From the judgment rendered, the defendants appealed. The motion to nonsuit was properly overruled. The evidence tends to prove that the plaintiff's intestate was employed by the defendants at work in a gravel pit, and was killed by the (219) dirt piling up over him, caused by a cave-in; that the conditions there were such that there was a high bank, the plaintiff contends, 18 to possibly 20 feet high, perpendicular; that he was employed in working in *Page 204 connection with a steam shovel that was excavating at this place; that there was at the base of this bank of earth or well a certain amount of earth along its base which, as the plaintiff contends, acted as a brace to it at the base, which extends up to some 4 or 6 feet, and that in proceeding with their work of excavating this earth, and while the plaintiff's intestate, Sam Neville, was in a position of danger, they excavated or removed this earth at the base of this wall, and that this acted as a support to the wall, and that when it was removed, and by their act in removing it, the earth in the bank of earth crumpled or caved in and fell upon Sam Neville and caused his death, and that his death was due to the negligence of the defendants in removing this without any other protection.
The work was being done under the management of one Stowe, who, about three hours before the cave-in, ordered the plaintiff's intestate to work at that place.
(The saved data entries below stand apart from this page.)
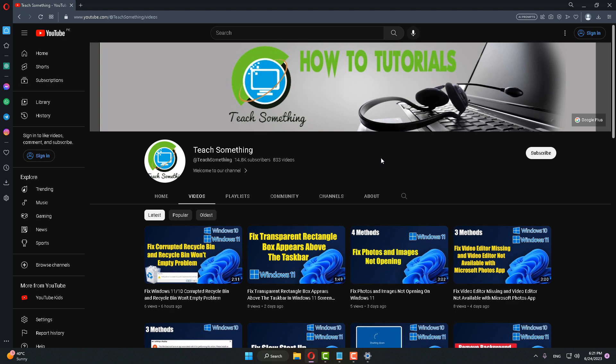I hope this video is helpful for you. Thank you for watching, and please subscribe to my YouTube channel.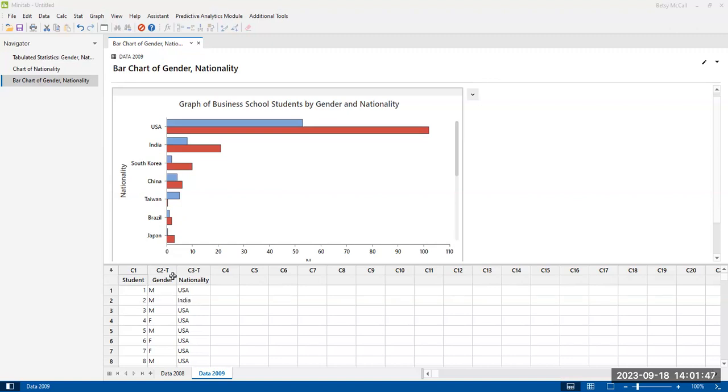Same thing for gender. Again, it's somewhat dated to have only male and female as options, but that was very standard. So those are the only two things that you can choose. And so we can make pie charts of either one of these.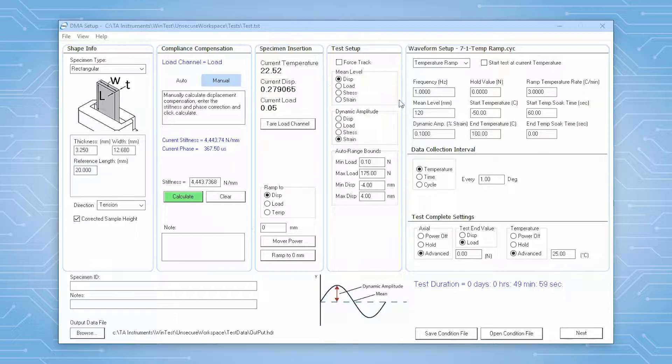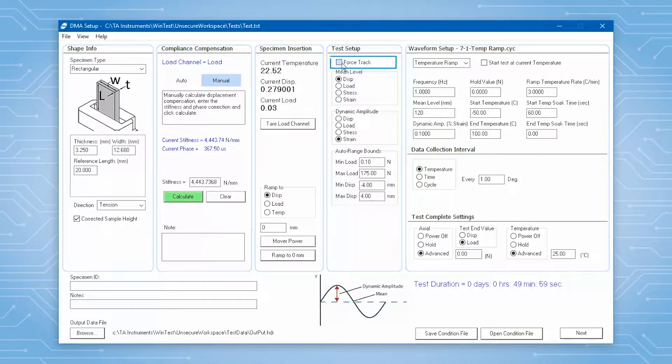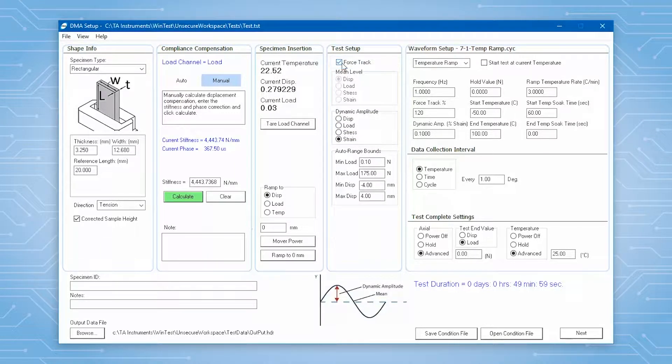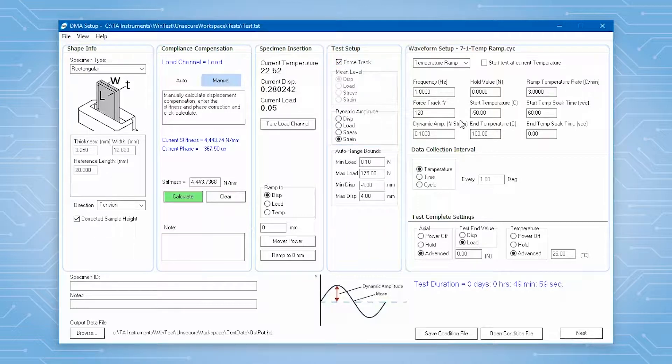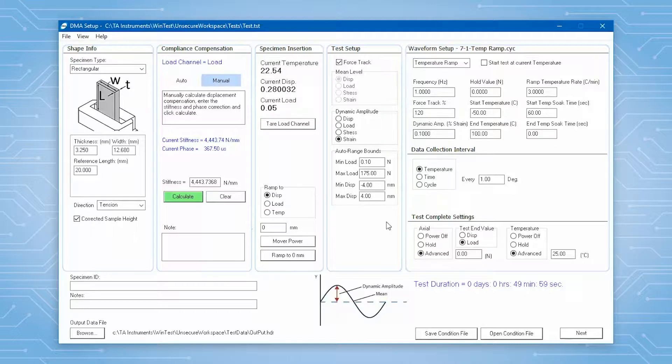In addition, there is the option to turn on force track for mean level control and set up auto range bounds in this panel. These two options help you to better monitor your test when your sample changes during the course of the experiment.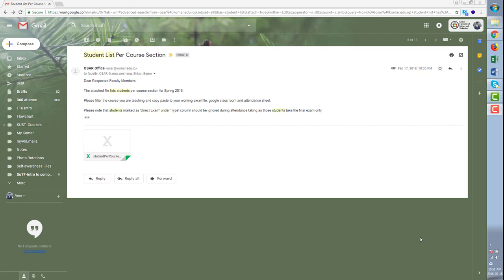Hi everyone, this is Arif from Komar University of Science and Technology. In this tutorial we will show you how to use a customized Google sheet for taking attendance for your courses.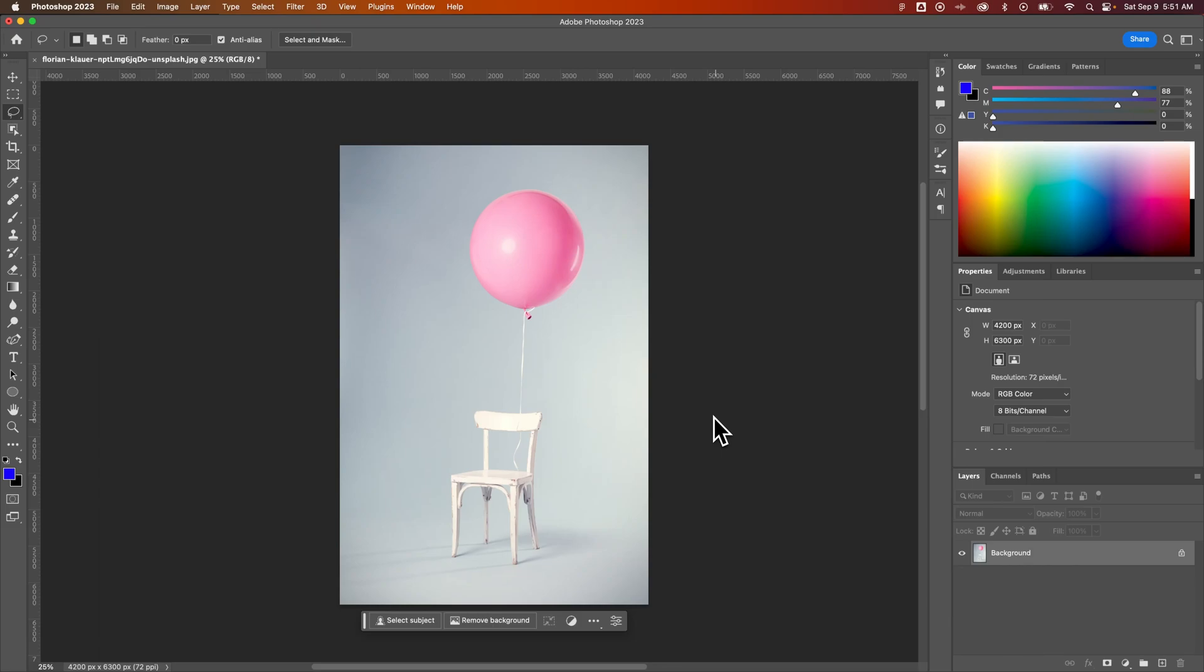In this Photoshop tutorial, I'm going to show you a quick way that I like to change object color or the colors of items in photos here in Photoshop. To do this, I need to create a quick selection around the object I want to change the color of. I think it's pretty obvious we're going to change the color of the balloon in this photo.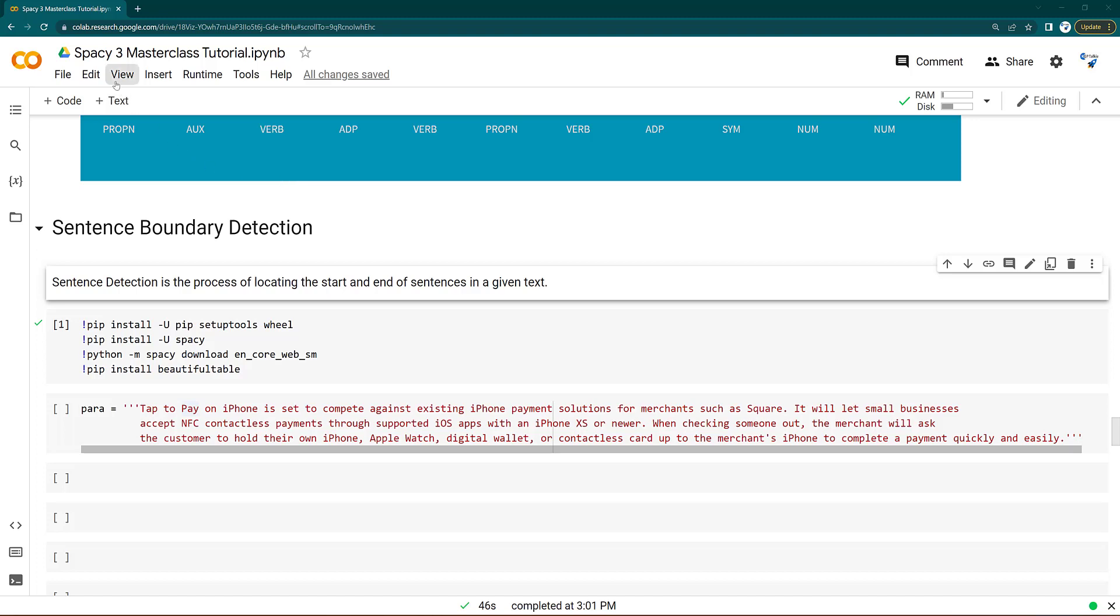Hi everyone, welcome to SpaCy 3 masterclass tutorial. In this lecture, we are going to study how you can identify sentence boundary using SpaCy.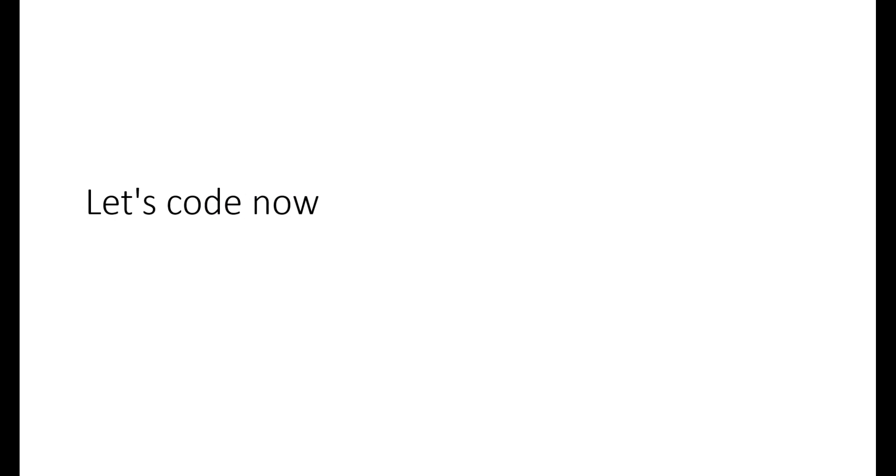In the test bench, semaphore key is the function we're using. Key equals new(1) defines exactly one key. Inside the fork-join there are four interfaces or four tasks trying to access a common resource, meaning four interfaces trying to access a bus.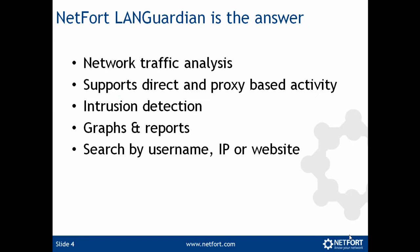Well our answer to that is the NetFort LAN Guardian because in one product it allows you to do network traffic analysis, supports direct and proxy based activity, includes intrusion detection, allows you to run graphs and look at reports and also allows you to search by using our website. So let's take a look at it in action.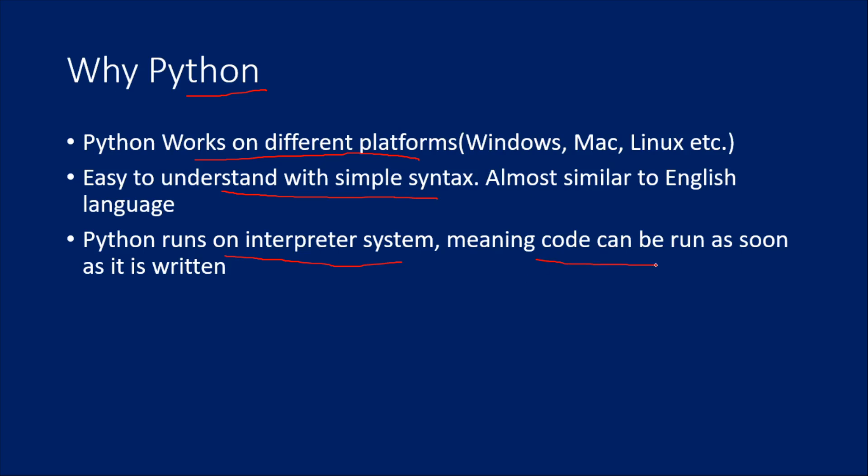The minute you complete your coding and run it, it will immediately execute. There is no concept of compiling code in Python. This is the basic theory which one should know about Python before exploring it.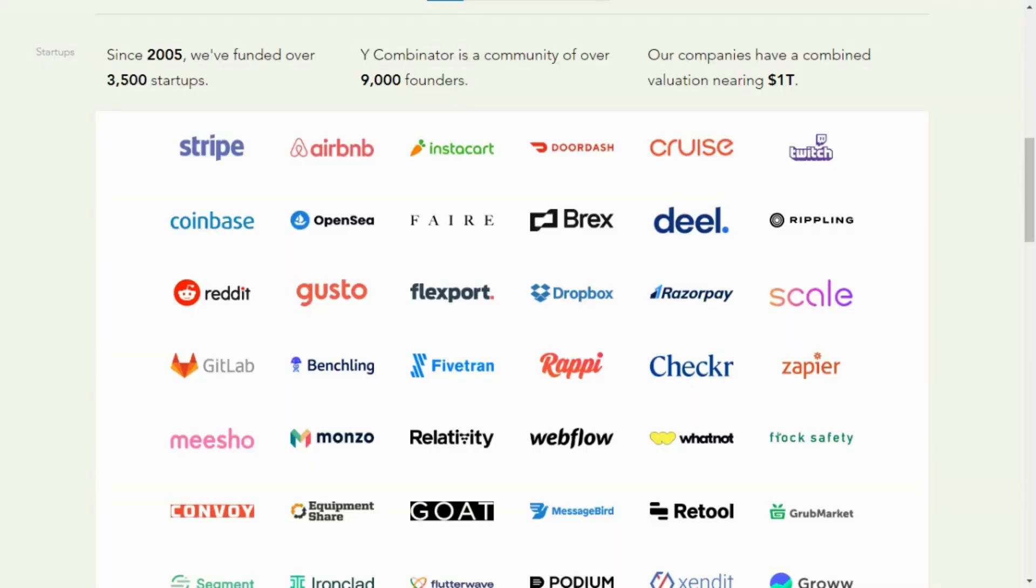Altman's tenure at Y Combinator was marked by a number of notable achievements, including the creation of the Y Combinator Research Program, which provided funding to researchers working on ambitious projects.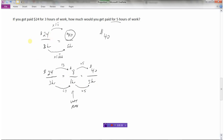Doing it the unit rate way, I can solve this question without a calculator. Using the first method, I'd probably need a calculator to figure out what to multiply three by to get five, and then multiply that number by twenty-four to get forty dollars.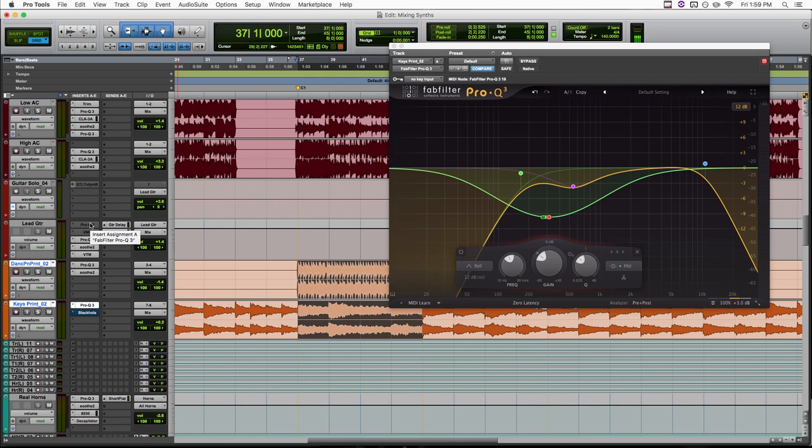And like I said at the beginning of the video, it's not just keyboards and synths, that's just the spot I use it most often. But in this song, I also used it on one of our acoustic guitar tracks.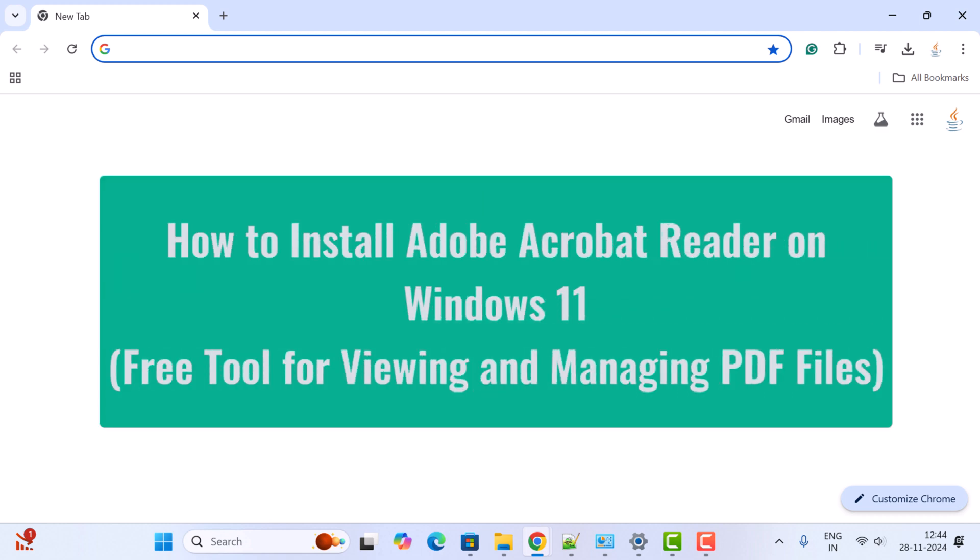Hi everyone, welcome back. In this video I'm going to show you how to install Adobe Acrobat Reader on Windows 11. This is a free tool for viewing and managing PDF files on Windows 11.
The evidence shows that Stowe was in and out of the pit all the time, and knew of the conditions.
It is a fair inference from the evidence that Stowe took no precautions to prevent a cave-in before the supporting bank of dirt was removed. It was the duty of Stowe to take such precautions as the situation permitted, so as to prevent injury to his subordinates when the bank of dirt at the base of the pit was removed; ordinary prudence dictated it.
Upon the second issue his Honor charged: "A servant assumes all the risks and dangers incident to his employment. He does not assume a risk or danger growing out of the master's negligence. Whatever is necessary to be done in the work in which the servant is engaged is incident to the servant's employment, and whatever risk or danger attaches to it, or necessarily grows out of it, he assumes."
This is in accord with the decisions of this Court.
Upon a review of the record, we find
No error.
Cited: Mace v. Mineral Co., 169 N.C. 149; O'Neal v. Jones, 199 N.C. 653.